At that time, the log is copied to a new path is created under v8 prefix, with the following pattern:

<event>/year=<year>/month=<month>/day=<day>/hour=<hour>/<filename>-<nodeID>. For example, 

s3://logbucket/server1234/wins-200421-000003.txt.gz

is copied to 

s3://logbucket/v8/wins/year=2020/month=04/day=21/hour=00/wins-200421-000003-1234.txt.gz

(The “v8” prefix is there because I have arrived at this schema having tried several versions — 7, to be exact).

What about storage cost?

  • An additional benefit of using date-based partitioning is that we can easily automate changing storage type to Glacier for folders older than some specified time, which will save S3 storage costs of the duplicate data.
  • In the cloud, the storage costs are not something to worry about; the outgoing traffic and compute is where the problem is at. So move the compute to the data, not the other way around.

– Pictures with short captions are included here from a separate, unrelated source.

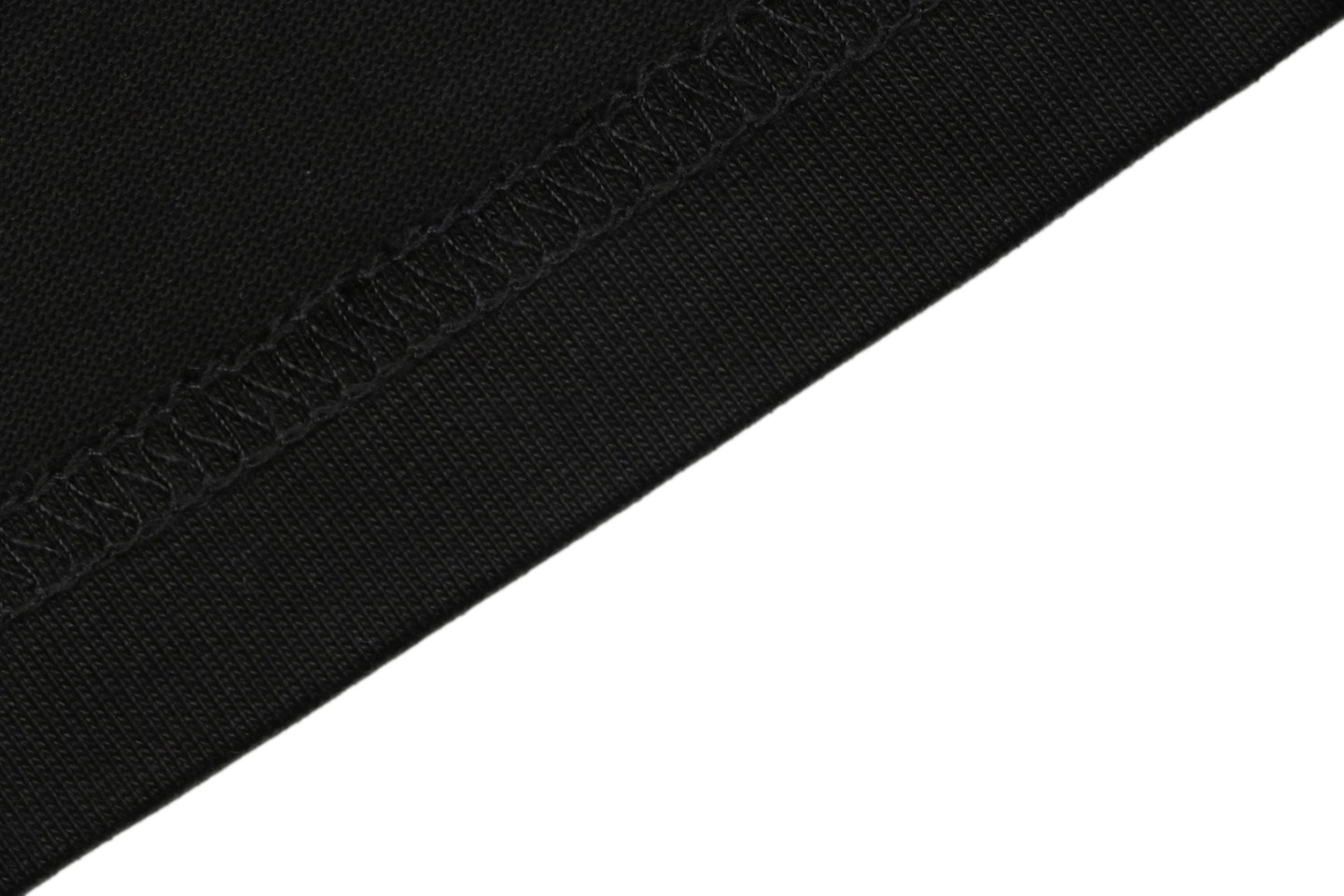 We11done Heart Logo Embroidered T-Shirt Black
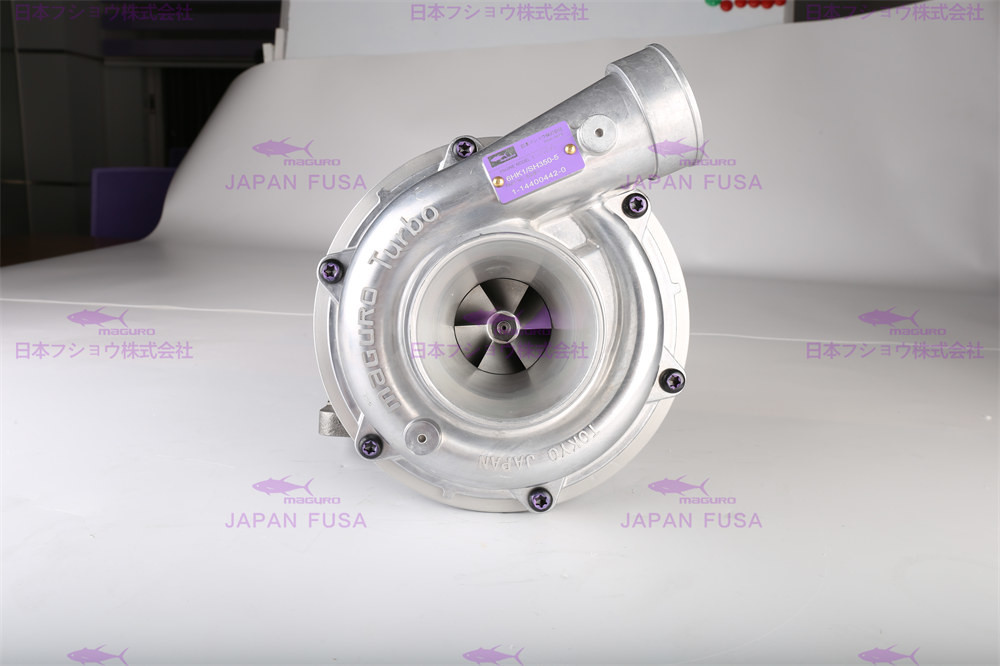 6745-81-8040 Engine Turbocharger Parts , PC300-8 PC350-7 S6D114 Komatsu Turbo Charger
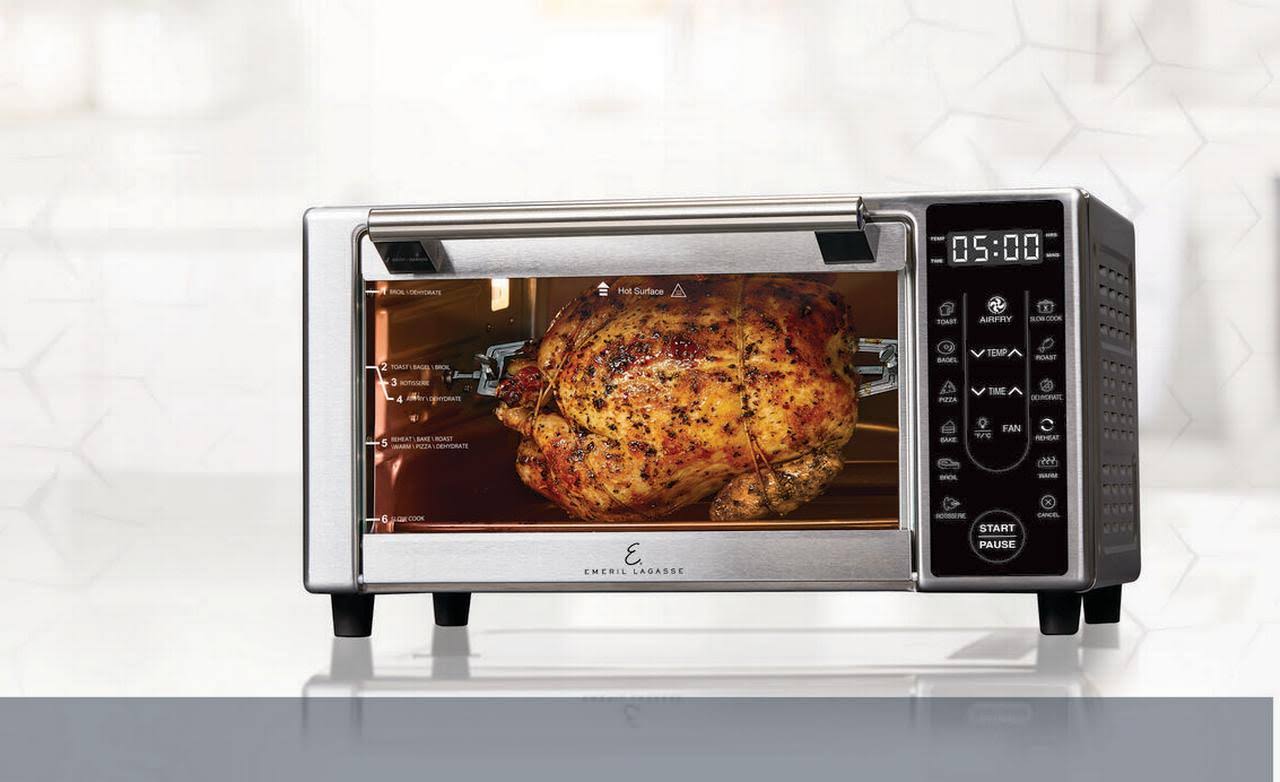 Recertified - Emeril Lagasse Power Airfryer 360 Plus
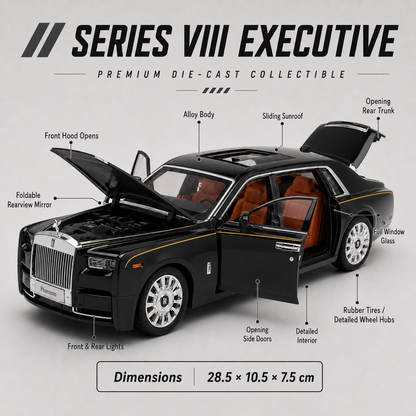 Rolls-Royce Phantom Series VIII Executive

NOTE: Partitions do not equal timestamps

Partitioning is based on the file name. Records inside the file may have timestamps whose hour one greater than or one less than the partition hour, for obvious reasons. Thus, partitions are there to reduce the number of scanned records, but care should be taken when querying to not assume that the timestamps under year=2020/month=04/day=21/hour=00 all are in the 0th hour of 2020-04-21.

Discover metadata in Glue

Glue is an ETL service on AWS. One of the great features of Glue is crawlers that attempt to glean metadata from the logs. This is really convenient because it saves us the tedious step of defining the metadata manually.

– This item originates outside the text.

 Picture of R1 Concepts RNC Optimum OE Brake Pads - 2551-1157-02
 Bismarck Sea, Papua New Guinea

So we set up a crawler. For explanation on how to do it, see the “Tutorial” link on the left hand side of this page:

However, it takes some time to get the configuration correct. 

  1. We would want to exclude some logs because we know their format is not good for discovery (they are not straight-up JSON or CSV, etc; and, at the moment, custom SerDes are not supported by Athena) — but see below for exceptions. This is done in the “Data store” part of crawler configuration:
  1. We want Glue to treat new files of the same type as being different partitions of the same table, not create new ones. For example, given the partitioning convention we created above, these two paths:
  • s3://logbucket/v8/wins/year=2020/month=04/day=21/hour=00/wins-200421-000003-1234.txt.gz
  • s3://logbucket/v8/wins/year=2020/month=04/day=22/hour=11/wins-200422-000004-4321.txt.gz

 Should be treated as partitions of table “wins”, not two different tables. We do this on the “Output” section of the crawler configuration as follows:

Once the crawler runs, we will see a list of tables created in Glue.

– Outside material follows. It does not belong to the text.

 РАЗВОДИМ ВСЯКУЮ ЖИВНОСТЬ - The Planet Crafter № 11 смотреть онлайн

If here we see tables looking like parts of the partitioned path (e.g., year=2020, or ending with _txt_gz), it means the crawler got confused when discovering their structure. We are adding those to the crawler’s exclusion list, and will create their metadata manually. Fortunately, there are not that many such logs, and we can exclude them one by one.

Of course, while the crawler can recognize the file structure, it doesn’t know what to name the fields. So we can go and name them manually. While this is a tedious process, we don’t have to do that all at once – just do it on the as-needed basis. 

We will want to keep the crawler running hourly so that new partitions (which get created every hour) are picked up. (This can also be done manually from Athena – or Hive — by issuing MSCK REPAIR TABLE command).

First useful Athena query

Looking now at Athena, we see that metadata from Glue is visible and we can run queries:

Woohoo! It works! I can do nice ad hoc queries. We’re done, right?

Almost. Unfortunately, for historical reasons, our logs are not always formatted to work with this setup ideally.

We could identify two key cases:

  1. Mostly CSV files:
    • There are event prefixes preceding the event ID, even though the event itself is already defined by the log name. For example, bid:<BID_ID>, e.g.:
      bid:0000-1111-2222-3333
    • A CSV field in itself contains really two values. E.g., a log that is comma-separated into two fields: timestamp and “message”, which includes “Win: ” prefix before bid ID, and then – with no comma! – “price: ” followed by price. Like so:
      04/21/2020 00:59:59.722,Win: a750a866-8b1c-49c9-8a30-34071167374e_200421-00__302 price:0.93
      However, what we want to join on is the ID. So in these cases, we can use Athena views. For example, in these respective cases we can use:
       CREATE OR REPLACE VIEW bids2 AS
      SELECT "year", "month", "day", "hour",
      "SUBSTRING"("bid_colon_bid_id", ("length"('bid:') + 1)) "bid_id"
      FROM bids

      and
       CREATE OR REPLACE VIEW bids2 AS
      SELECT "year", "month", "day", "hour",
      "SPLIT_PART"("message", ' ', 3) "bid_id"
      FROM wins

      Now joins can be done on bid_id column, which makes for a more readable query.
  2. The other case is a log that has the following format: a timestamp, followed by a comma, followed by JSON (an OpenRTB request wrapped in one more layer of our own JSON that augments it with other data). Which makes it neither CSV, nor JSON. Glue crawler gets confused. The solution is using RegEx SerDe, as follows:

    And then we can use Athena’s JSON functions to deal with the JSON column, for example, to see distribution of requests by country:
     SELECT JSON_EXTRACT_SCALAR(request, '$.bidrequest.device.geo.country') country,
    COUNT(*) cnt
    FROM requests
    GROUP BY
    JSON_EXTRACT_SCALAR(request, '$.bidrequest.device.geo.country')
    ORDER BY cnt DESC
    Success! We can now use SQL to easily query our event logs.

Helpful links

A look at app-ads.txt

Introduction

App-ads.txt is a follow-up to IAB’s ads.txt initiative aimed at increasing transparency in the programmatic ad marketplace. Related to it are a number of other initiatives and standards such as supply chain, payment chain, sellers.json, various things coming out of TAG group, etc. See last section for relevant links.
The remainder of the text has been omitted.